Bisnis.com, JAKARTA — Pasar obligasi Indonesia dinilai masih tetap menarik di tengah tren menurunnya tingkat credit default swap Indonesia (CDS) yang menjadi sinyal berkurangnya risiko.
Berdasarkan data worldgovernmentbonds.com, credit default swap (CDS) 5 tahun Indonesia per 6 Juni 2022 ada di level 105,29. Posisi tersebut mengindikasikan probabilitas default atau gagal bayar sebesar 1,75 persen. Meski masih bergerak naik, level CDS Indonesia saat ini cenderung lebih rendah dibandingkan posisi pada awal Mei lalu di kisaran 136,05.
Di sisi lain, imbal hasil SUN acuan tenor 10 tahun turut melandai ke posisi 7 persen, lebih rendah dibandingkan kondisi bulan lalu saat mendekati 7,5 persen.
Director & Chief Investment Officer Fixed Income Manulife Aset Manajemen Indonesia (MAMI) Ezra Nazula mengatakan yield yang berada di 7 persen merupakan level yang masih menarik mengingat inflasi masih di bawah 4 persen. Kenaikan tingkat suku bunga acuan BI juga cenderung terbatas.
“Kenaikan BI rate diperkirakan terbatas dengan pemerintah merevisi APBN sehingga tidak jadi rencana kenaikan BBM. Pasokan obligasi juga masih kondusif sehingga kami perkirakan range obligasi 10 tahun di 6,5 sampai 7 persen,” kata Ezra, Senin (6/6/2022).

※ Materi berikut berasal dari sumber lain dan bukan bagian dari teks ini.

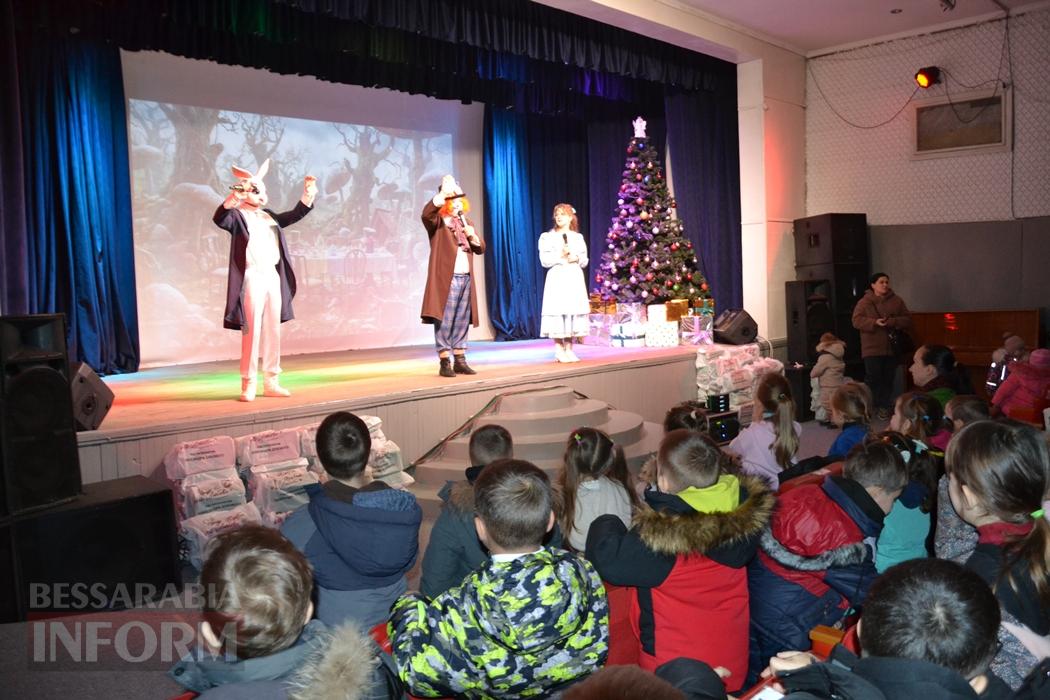 Тисячі дітей Кілійської громади отримали різдвяні подарунки від Олександра Дубового - триває традиційна акція "Фонда Добра та Любові"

Dia mengatakan pasar obligasi saat ini masih dipengaruhi sentimen di sekitar faktor pergerakan yield US treasury dan seberapa besar kenaikan Fed Rate ke depan. Sementara itu, perkembangan inflasi di dalam negeri dan waktu penetapan kenaikan suku bunga BI akan menjadi sentimen dari dalam negeri.
Baca Juga
Sementara itu, Head of Fixed Income Anugerah Sekuritas Ramdhan Ario Maruto menyarankan para investor obligasi untuk terus mengamati perkembangan makro ekonomi nasional dan perkembangan tingkat suku bunga global. Dia mengatakan respons pemerintah Indonesia atas perkembangan stabilitas ekonomi akan memainkan peran penting.
“Kalau eksternal dan internal stabil, pasar akan makin likuid dan aliran dana global bisa masuk karena kita salah satu pemberi yield terbesar dibandingkan dengan yield negara lain, bahkan di antara negara Asean. Memang tingkat risiko tinggi, tetapi masih jadi daya tarik bagi pasar global,” katanya.